Les routiers doivent faire face à de longs trajets monotones avec parfois une perturbation du cycle circadien dû au travail de nuit, ce qui les rend sujets à la fatigue et à l’assoupissement au volant. Pour rester alertes certains ont recours généralement au café et parfois même à des stimulants illicites.

Cette étude cas-témoins se propose d’évaluer l’influence de la consommation de café sur la prévention des risques d’accidents chez les routiers parcourant de longues distances en Australie.

La consommation de caféine (ainsi que celle d’autres stimulants) a été appréciée à l’aide d’un questionnaire auxquels ont été soumis 530 routiers récemment victimes d’un accident pris en charge par la police (cas) et 517 routiers qui n’avaient pas eu d’accident au cours des 12 mois précédents dans l’exercice de leur métier (témoins).

L’objectif primaire était de comparer la probabilité d’avoir un accident chez les routiers qui consomment de la caféine durant leur travail dans le but de rester éveillés par rapport à ceux qui n’en consomment pas.

Quarante-trois pour cent des routiers ont rapporté avoir consommé des produits contenant de la caféine tel que café, thé, comprimés de caféine ou des boissons énergisantes afin de rester éveillés. Seuls 3 % ont admis l’usage de stimulants illicites tels que l’amphétamine, l’ecstasy ou la cocaïne.

Les données ont été ajustées selon divers facteurs confondants incluant l’âge, les différentes pathologies constatées, le rythme du sommeil, les symptômes dus à une perturbation du sommeil, les conditions de travail tels que le nombre de kilomètres parcourus, le nombre d’heures de sommeil, les pauses, et la conduite nocturne.

Après cet ajustement, il est apparu que pour les routiers ayant consommé du café pour rester éveillés le risque d’avoir un accident était réduit de 63 % par rapport à ceux qui n’en ont pas consommé (Odds ratio : 0,37, intervalle de confiance à 95 % : 0,27 à 0,50).

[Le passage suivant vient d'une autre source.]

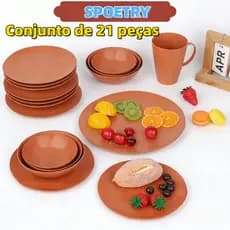 Conjunto de 21 peças de louça em palha de trigo  9 tigelas + 6 copos + 6 pratos  Durável, ecológico e reutilizável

Selon les auteurs la consommation de produits caféinés est ainsi associée à un risque réduit d’accident chez les routiers conduisant de longues distances.

Bien entendu un biais majeur de cette étude vient du fait que la consommation de café a été rapportée par simple questionnaire. En attendant confirmation par des études plus fiables on peut estimer que si dormir suffisamment et prendre des pauses restent le fondement de la prévention de la fatigue au volant, l’usage judicieux de produits caféinés semble avoir sa place dans ce contexte.